Throughout this period of work we can see how the War affected local businesses through their conversion to helping with the war effort. We can also see how despite the negative impact of war, there was hope for the working class in the opportunity of better wages and more work, however for Harry this opportunity amounted to little.
After working with his father at the bike shop, a peculiar deal was made with one of the customers concerning a bookshop in Holborn. He was sent to run the shop at the age of 17, and despite his lack of experience, managed fairly well until the end of the war in 1918. He writes that ‘By 1917 Anti-war feeling was growing rapidly and I made quite a stir by stocking and selling all the anti-war newspapers and magasines[sic]; being raided by Scotland Yard once or twice for selling “proscribed” newspapers.’ There was quite clearly an Anti-War attitude growing within the working class. Hard labour and poor wages along with supply shortages most likely influenced this attitude.
After selling on the bookshop to a friend, he was sent by his father to Germany where he visited one of his fathers’ friends. He writes ‘The whole venture was quite absurd as the Germans were actually starving.
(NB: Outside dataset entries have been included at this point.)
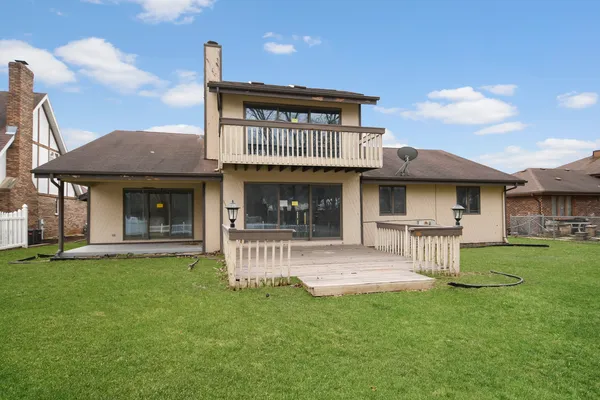 a view of a house with a yard and sitting area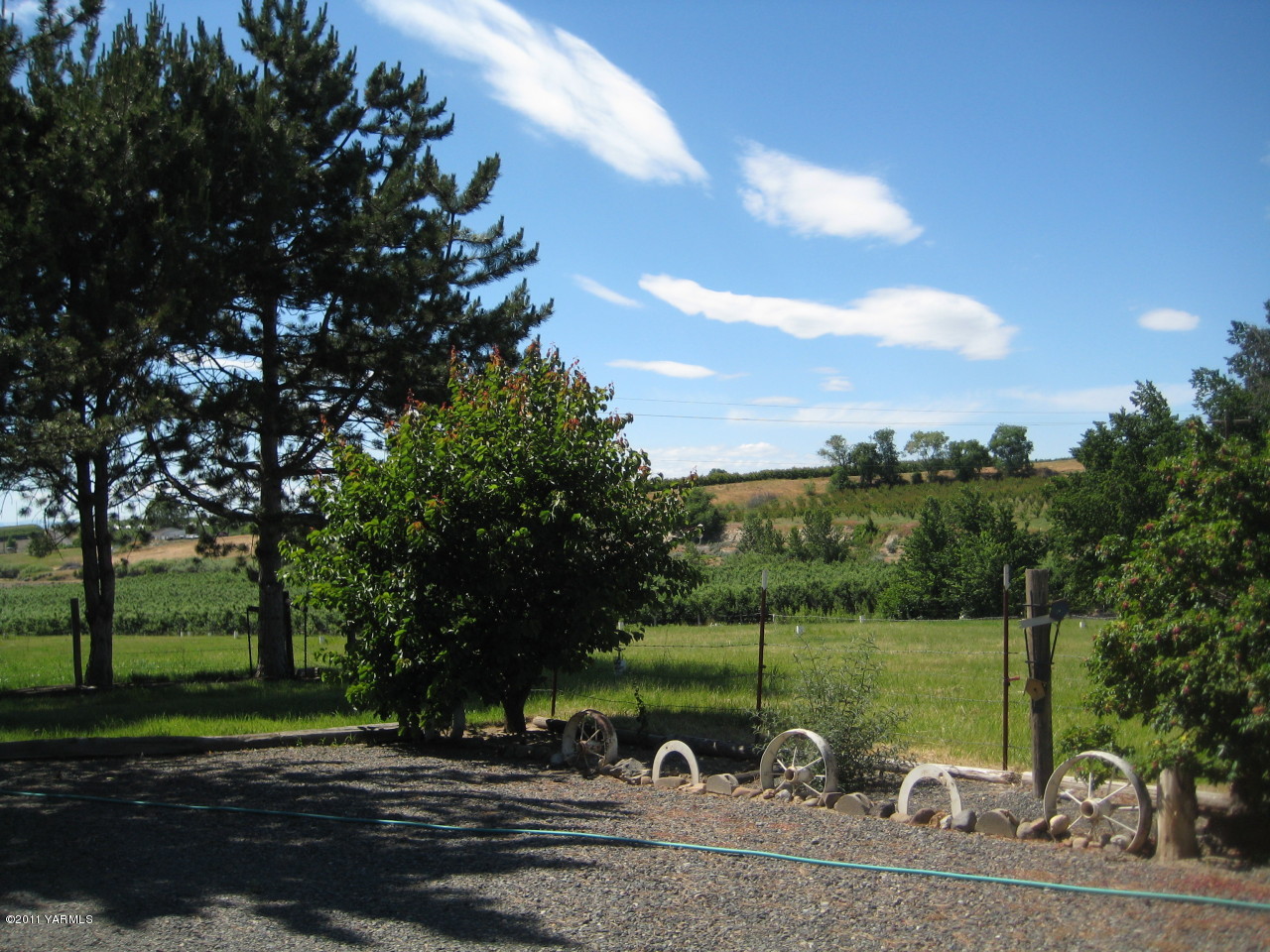 4572 Lombard Loop Road Zillah, WA 98953 - Photo 26 of 33 a view of a lake from a yard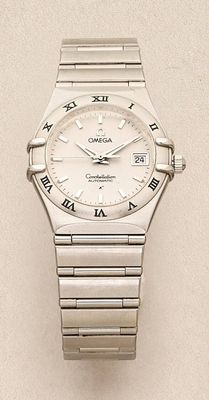 a close up of a watch with roman numerals on it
I lived mainly on apples, for which we went ‘scrumping’ at night; I arrived back home after three months at least three stone underweight‘ yet despite the unfortunate circumstances, this is where he gained his appetite for travel. After returning home he contrived to do anything to get out and travel again, and after messaging some new found contacts,he was offered a job as a docker in Antwerp. As he recalls, ‘it was that one fateful Sunday while my parents were still asleep I packed everything I possessed in a small bag and boarded the Tuppeny Tram to Waterloo to seek fame and fortune in the Docks in Antwerp’.
Harry eventually arrives in Moscow as a Comintern, working under the English branch of the Communist Party. He spends much of his memoir recalling his experiences here. This part of his career is more deeply explored in Politics, Protest and Class.
Harry’s work life is central to his memoir. Whilst he writes of other topics and events, it appears that his story is driven by his work and career as it has made the greatest impact upon his life. His work is affected throughout most of his life by his class identity. Beginning as a labourer, his working class life meant he had to leave education in order to earn income and take the burden of providing for him from his family.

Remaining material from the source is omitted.